━━━━━ INPUT MATERIAL

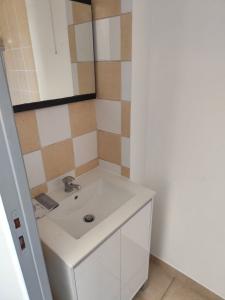 For sale AIX NORD 1 room 28 m2 Bouches du Rhone (13860) photo 4
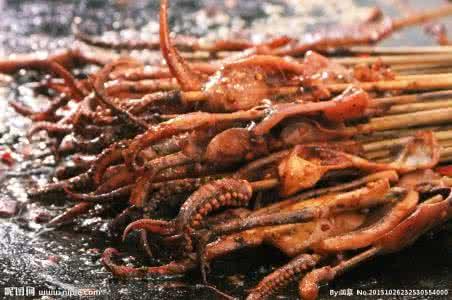 在学校门口卖铁板鱿鱼的大二女生，以后会有什么出息？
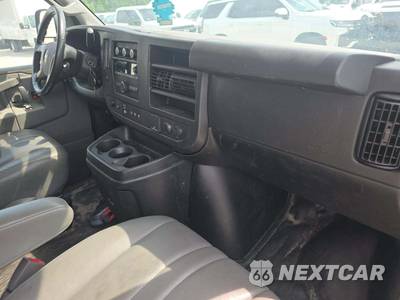 2019 Chevrolet Express 2500 Cargo Van 1WT 135.0" WB - zdjęcie 16 z 23 - miniatura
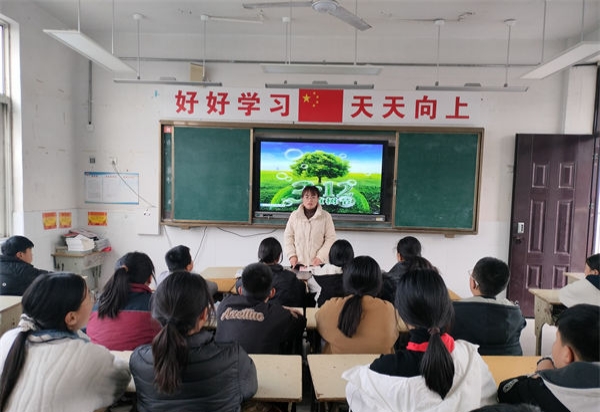 江苏省徐州市铜山区汉王镇北望小学关工委开展“低碳生活，从一棵树开始”主题班会活动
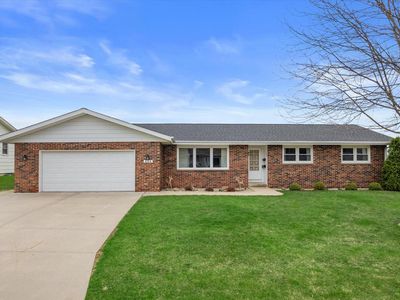 864 Mayer LANE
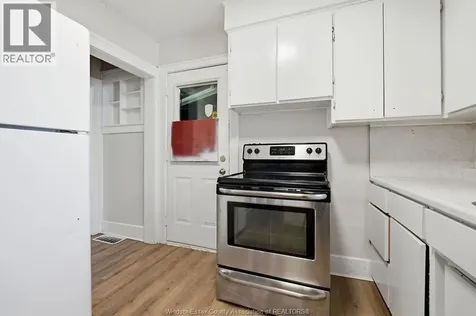 1596 College Windsor ON N9B 1M1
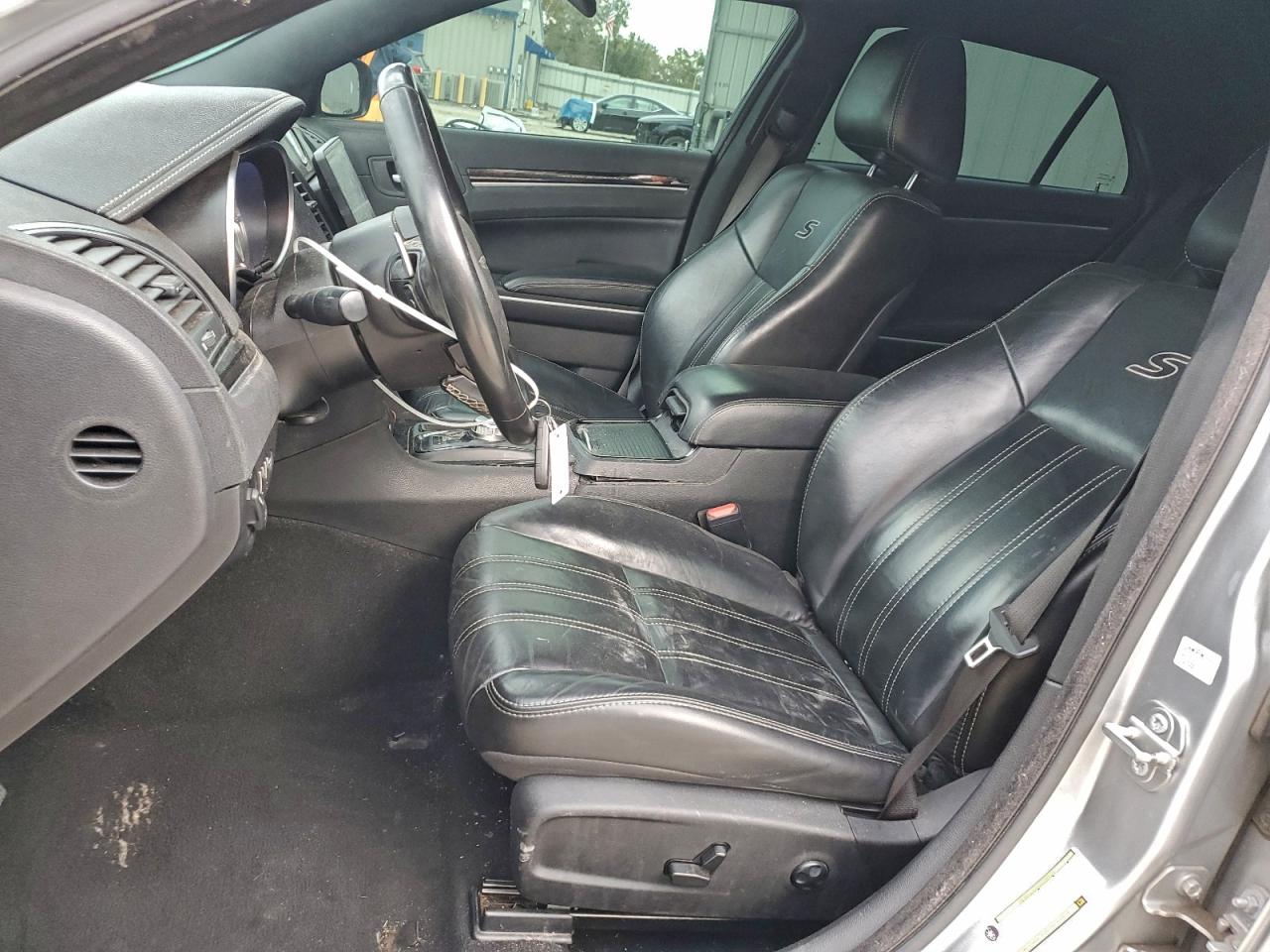 2021 CHRYSLER 300 S photo 7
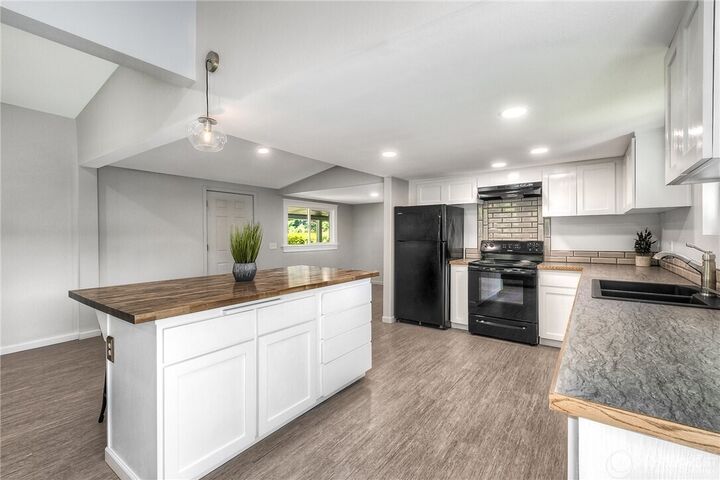 Property Photo:  32407  72nd Avenue S  WA 98580 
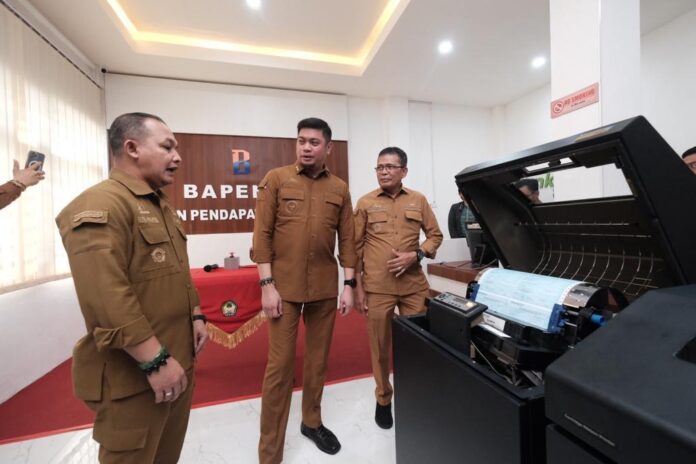 FOTO 23 Jan_mencetak secara massal Surat Pajak Bumi dan Bangunan Perdesaan dan Perkotaan (PBB P-2) di Kantor Bapenda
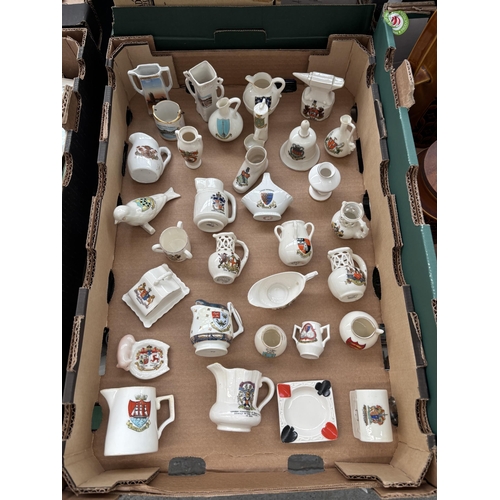 133 - Box containing assorted vintage crested ware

━━━━━━━━━━

TASK OBJECTIVE:
Repeat only the lines from the line with "864 Mayer LANE" to the end of the entries, including both the first and the last line, and drop every picture.

EXERCISE OUTPUT:
 864 Mayer LANE
 1596 College Windsor ON N9B 1M1
 2021 CHRYSLER 300 S photo 7
 Property Photo:  32407  72nd Avenue S  WA 98580 
 FOTO 23 Jan_mencetak secara massal Surat Pajak Bumi dan Bangunan Perdesaan dan Perkotaan (PBB P-2) di Kantor Bapenda
 133 - Box containing assorted vintage crested ware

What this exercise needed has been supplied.